Can you tell me a little bit about The Act the film came about?
Once we had the idea to adapt it for screen it all came together relatively easily. It was a bit of a dream, and having done this for twenty plus years I can say it is rare that projects come together as quickly or easily.
There was someone who had seen the play who was investing in LGBTQ+ projects, so we approached them and they agreed to back it, we were then able to bring together various fantastic collaborators- especially our producer (Elettra Pizzi) and our exec producer (Oliver Kent) who really drove the project forward and shaped it.
Does your screenplay differ much from your play?
We wanted a fresh pair of eyes, and someone to rethink the material who wasn’t too close to it so we asked Pete Lawson to adapt. We gave him freedom to do whatever he wanted and told him we weren’t precious. In the end he stayed very close to the original – reshaping for screen. What he did find which we had never managed, was a good ending. If you read the play (it’s published) and watch the film you can see they are the same story. The play is over an hour long. What Pete has done is really hone that story into 15(ish) minutes. It’s always harder to tell a short story than a long rambling one. He’s done a brilliant job.
For many within the gay community The Act represents a contemporary part of our history, which is either not spoken about or turned into theatre/film/literature. A many younger gay boys and men are still unaware of this history do you think films like yours will encourage wider discussions about this history and the effects it had on a generation of gay men?
I hope so. Pete and I sent the film to a couple of colleagues who are younger than us (in their twenties). I was interested in their reactions. They seemed to really engage with it, but also certain elements of the story were new to them. It was great that we were opening up elements of queer history. Stories are great for that – they’re not preachy, but get under your skin, so are a great way of exploring history.

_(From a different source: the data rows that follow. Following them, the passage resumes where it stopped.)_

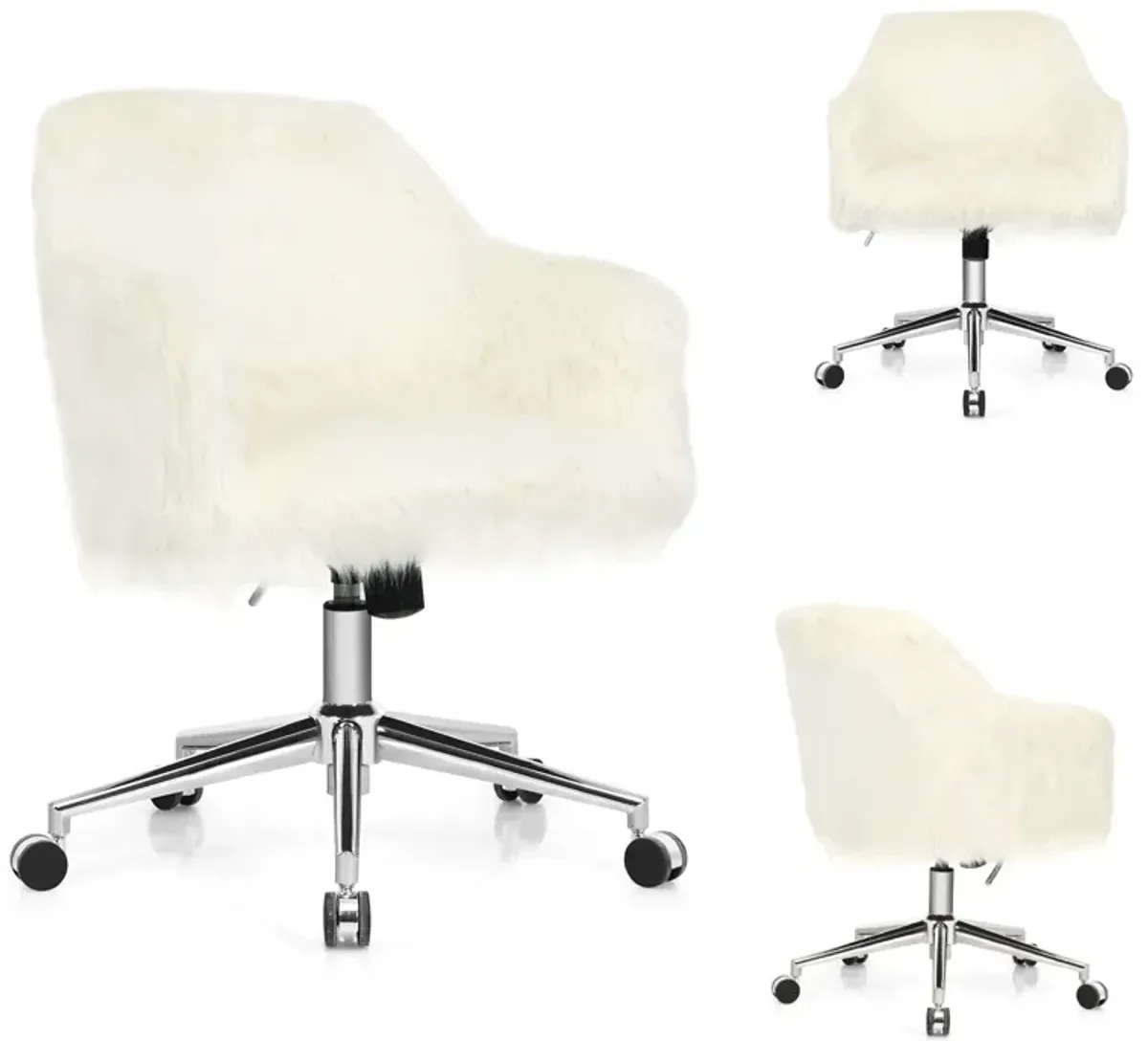 Modern Fluffy Faux Fur Vanity Office Chair for Teens Girls-Beige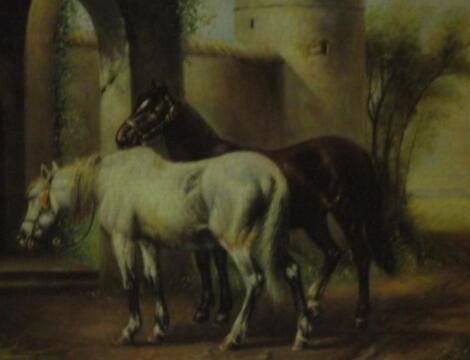 Two reproduction gilt framed prints "Horses"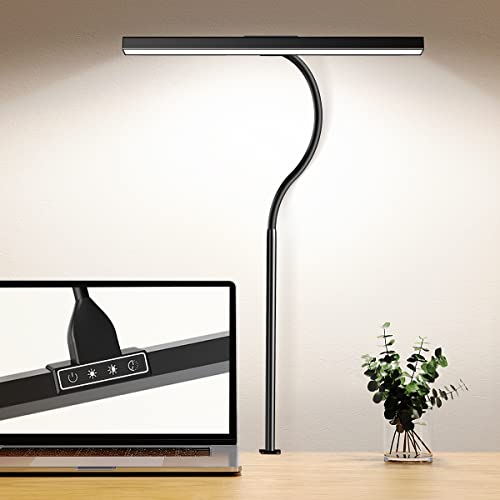 bravzurg LED Desk Lamp for Home Office - 12W Desk Light Bar with Charger, 25 Lighting Modes, Eye-Caring Modern Flexible Gooseneck Clip Table Lamps for Monitor Study Office Workbench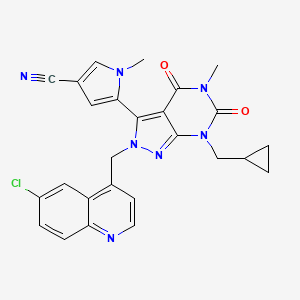 5-{2-[(6-chloroquinolin-4-yl)methyl]-7-(cyclopropylmethyl)-5-methyl-4,6-dioxo-2H,4H,5H,6H,7H-pyrazolo[3,4-d]pyrimidin-3-yl}-1-methyl-1H-pyrrole-3-carbonitrile - 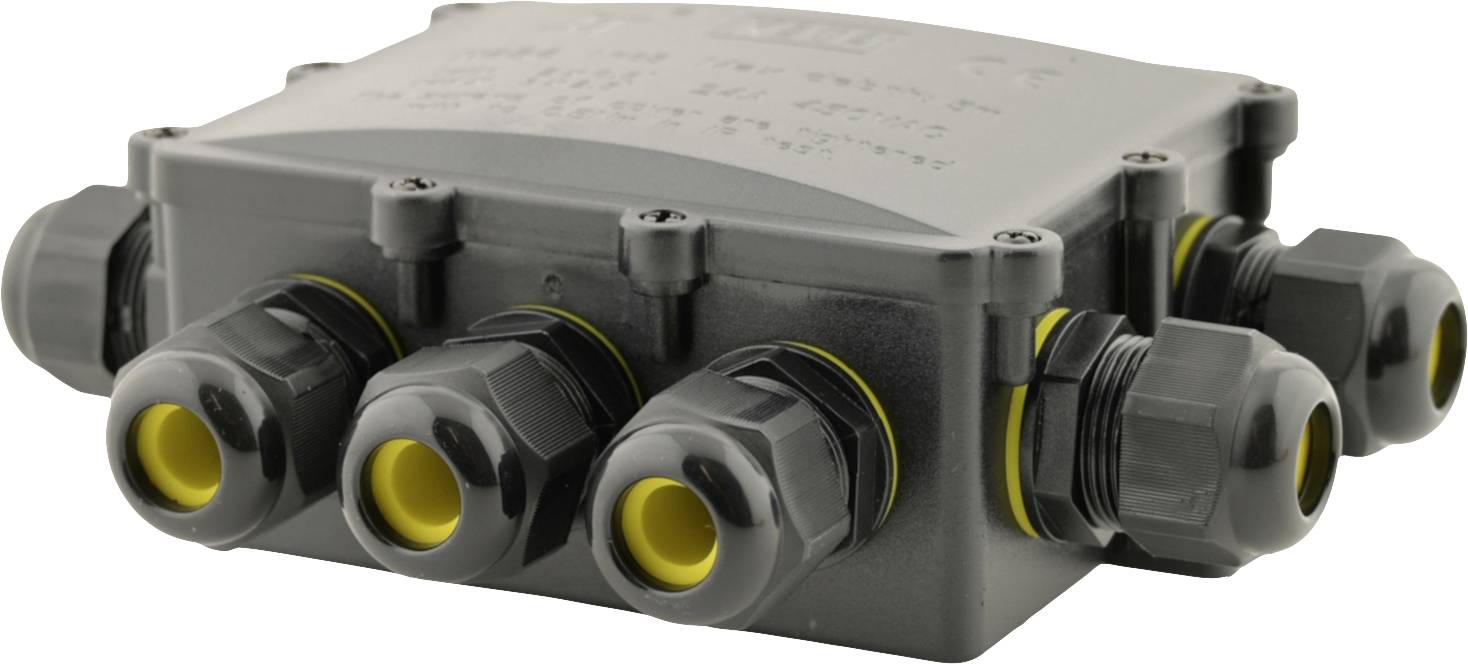 Graues elektrisches Verbindungsgehäuse mit mehreren Kabelverschraubungen und gelben Dichtungen, zur Kabelorganisation und -sicherung.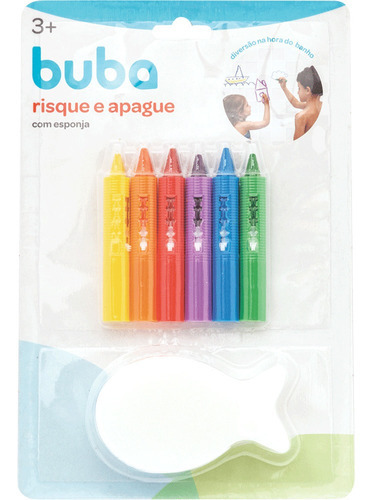Canetas P/ Colorir No Banho Risque E Apague Com Esponja Buba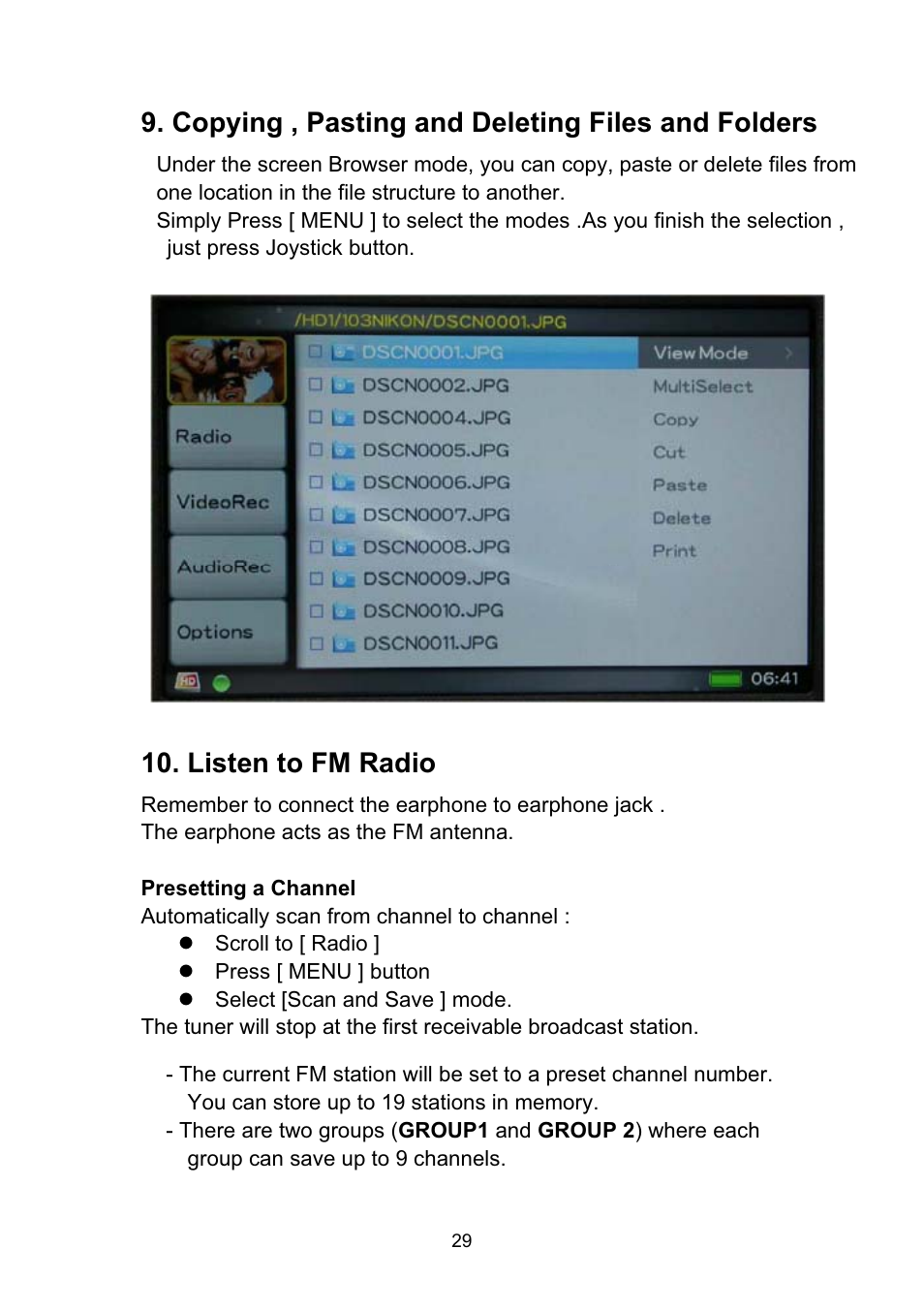 Copying , pasting and deleting files and folders, Listen to fm radio | VOSONIC VP8860 User Manual | Page 29 / 40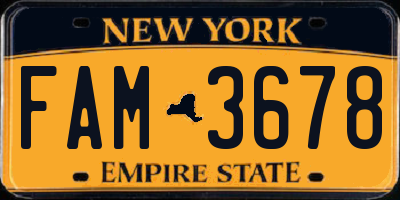 NY license plate FAM3678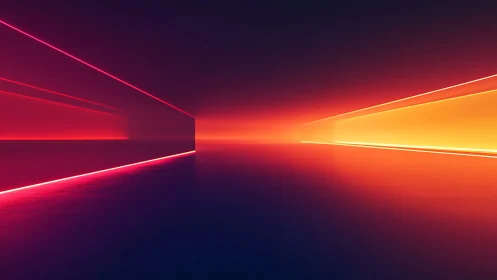 Opposed neon corridors recede into a glowing vanishing horizon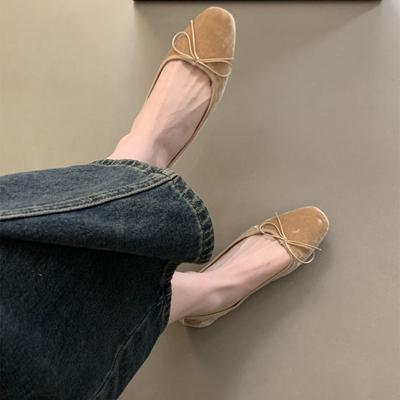 Velvet Shallow Shoes French Small Fragrance Bow Square Toe Soft Ballet Shoes 2025 Summer New Comfortable Slip-on Flat Shoes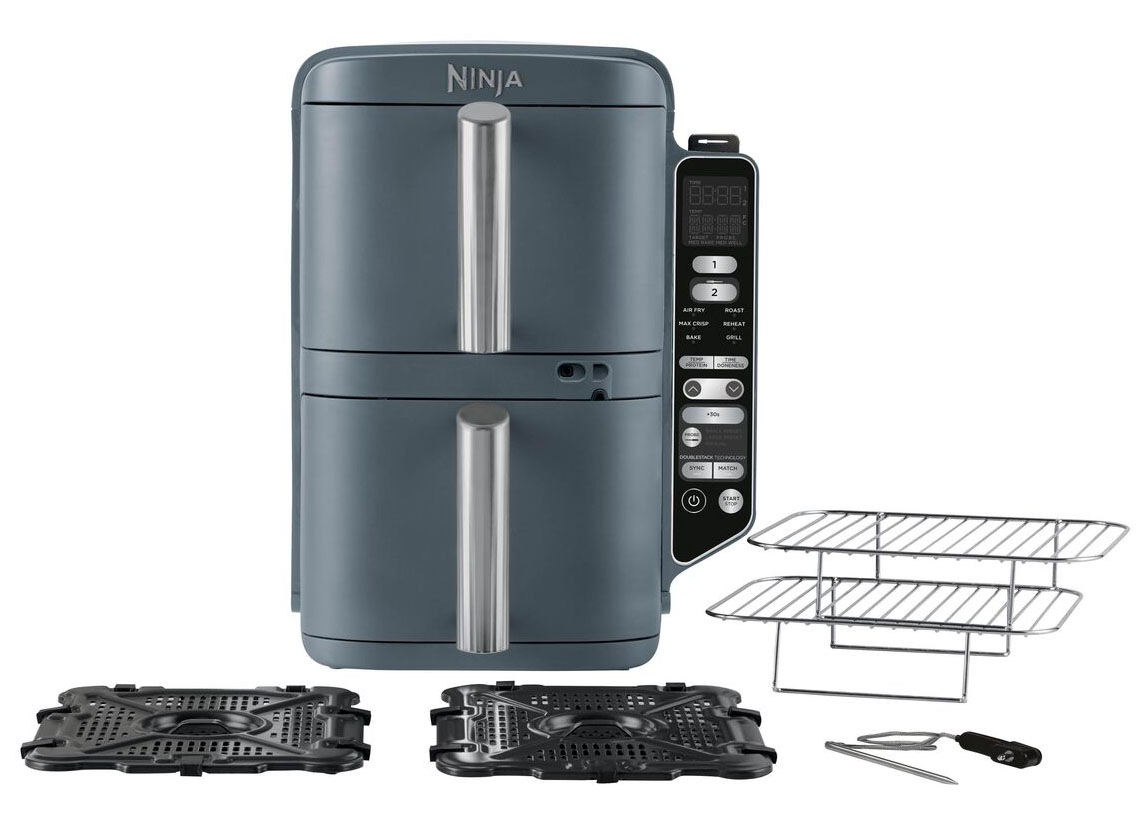 NINJA Heißluftfritteuse »Ninja Double Stack XL Heißluftfritteuse mit 2 Schubladen 9,5 L – Blau« 2450 W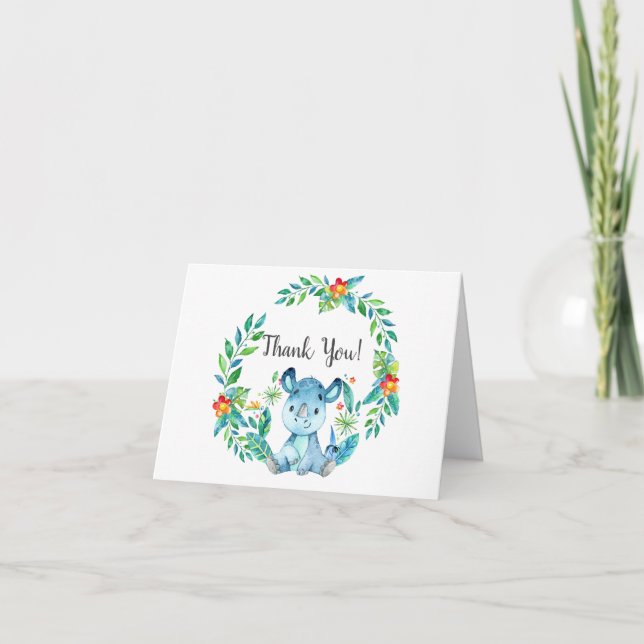 Jungle Rhino Baby Shower Thank You Note Card (Front)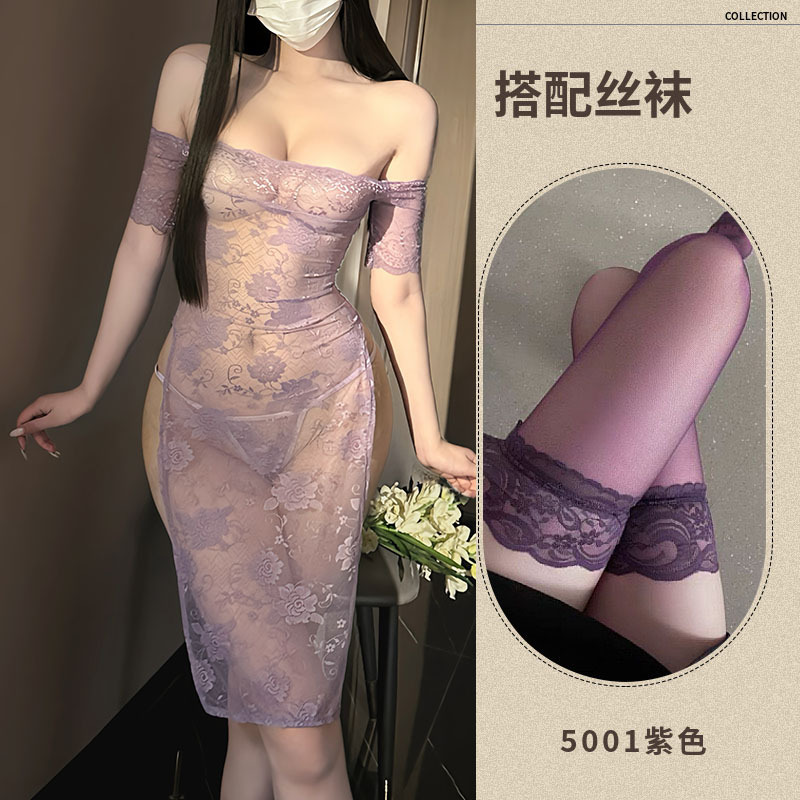 보라색 레이스 스커트 + 끈 팬티 + 보라색 레이스 스타킹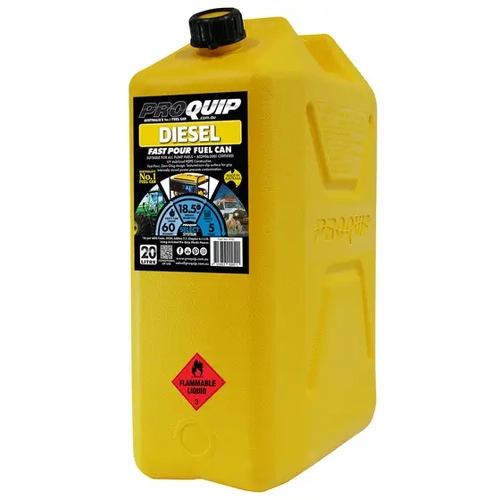 Pro Quip Plastic Diesel Fast Pour Fuel Can Yellow 20L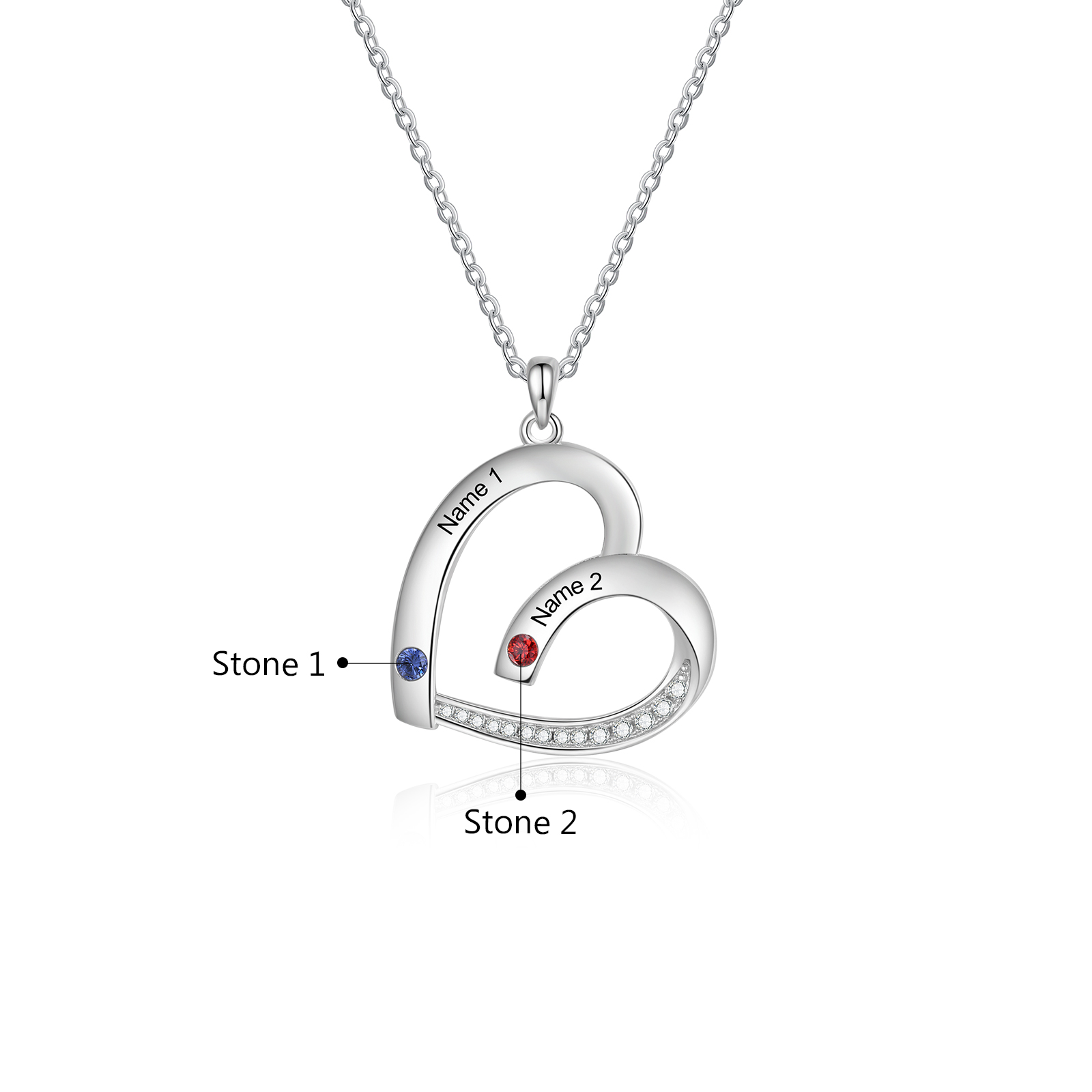 Personalised Heart Pendant Necklace Custom 2 Birthstones & 2 Names Necklace Gifts for Her-Jessemade AU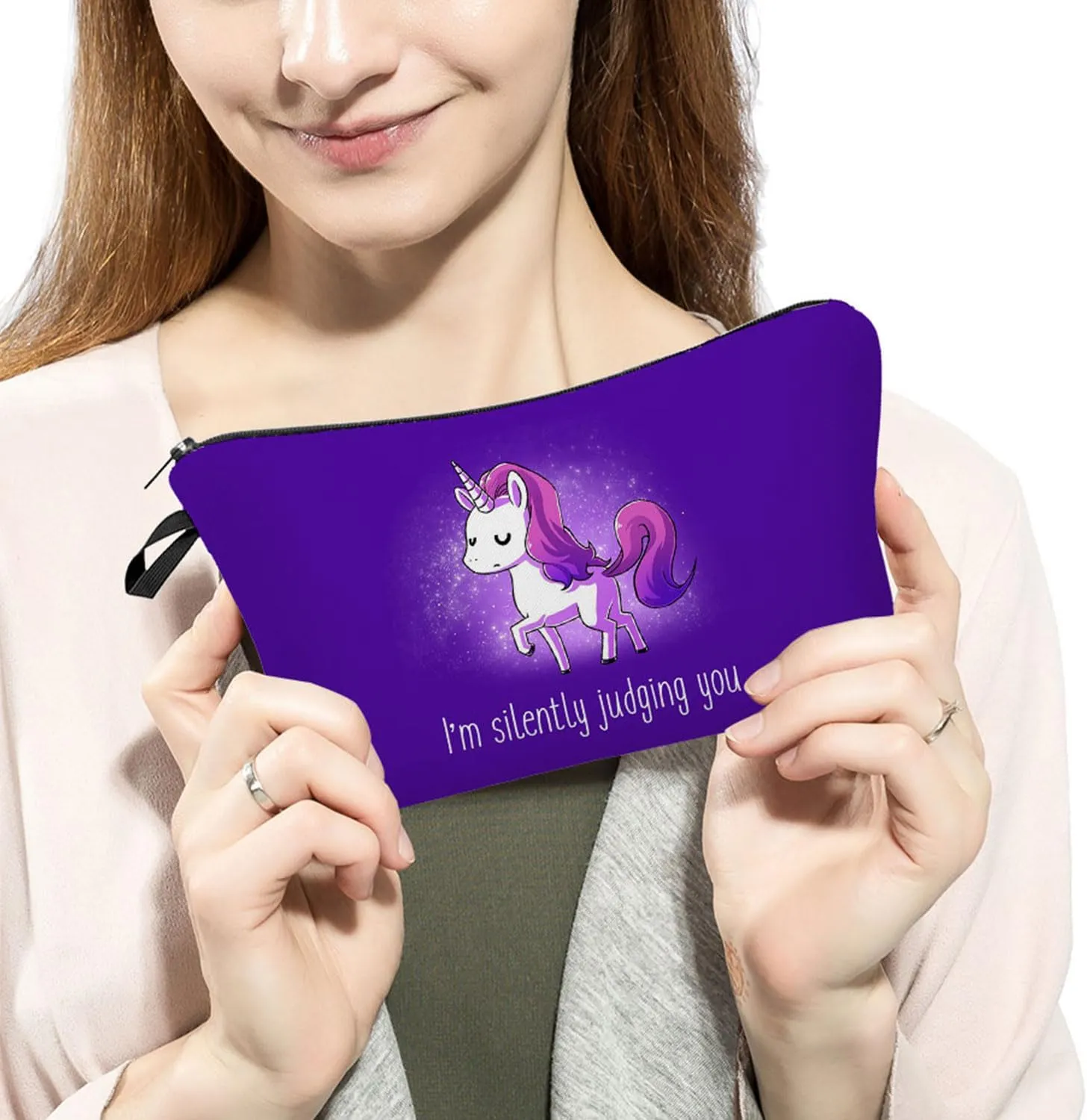 Purple Unicorn Gifts Makeup Bag Cute Small Makeup Organizer Bag Travel Toiletry Zipper Pouch Unicorn Gift Birthday Gift Purple Cartoon Unicorn Cosmetic Bag for Girls Unicorn Lovers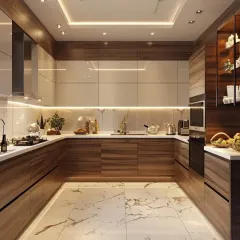 A spacious U-shaped kitchen designed with warm wood-grain cabinets and a white marble floor. The layout provides ample counter space for meal preparation, and under-cabinet lighting ensures the work surfaces are well-lit.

"It was a bit of a dream, and having done this for twenty plus years I can say it is rare that projects come together as quickly or easily."
Looking back, is there anything you would have done differently on this film?
Oh loads of things – there always are. But they are usually tiny moments that are really all about the stresses and strains of the shoot. Overall, I’m proud of the film, and the things I would change are less about changing this film and more about learning and implementing when I make another film.
Where did your passion for filmmaking come from?
When I was a teenager, I was terrible at science. One day our science teacher set us a project to investigate fossil fuels. I asked if I could do mine as a documentary film. My teacher said yes (probably to shut me up, and assuming I wouldn’t go through with it), but it was the one time I actually got good grades on a science project. I’ve always connected to subjects though story – whether that be on film or on stage.
Has your approach to your short film changed much since your debut?
Totally. Short films are a very specific wonderful art form, and you need to embrace it. My first film was over 20 mins long. Everyone makes their first short way too long. I’m learning about economical film making.
Should filmmakers continue to push their boundaries of the films and stories they want to tell?
Do you have any tips or advice you would offer a fellow filmmaker?
Do it, make mistakes, do it again, make new mistakes.
And finally, what do you hope people will take away from The Act?
I hope they’ll enjoy it, that it will move them and make them laugh. I hope for those who lived through the period the film depicts it will bare witness to their experiences, and for those for whom the story is new I hope it unlocks a period of history for them.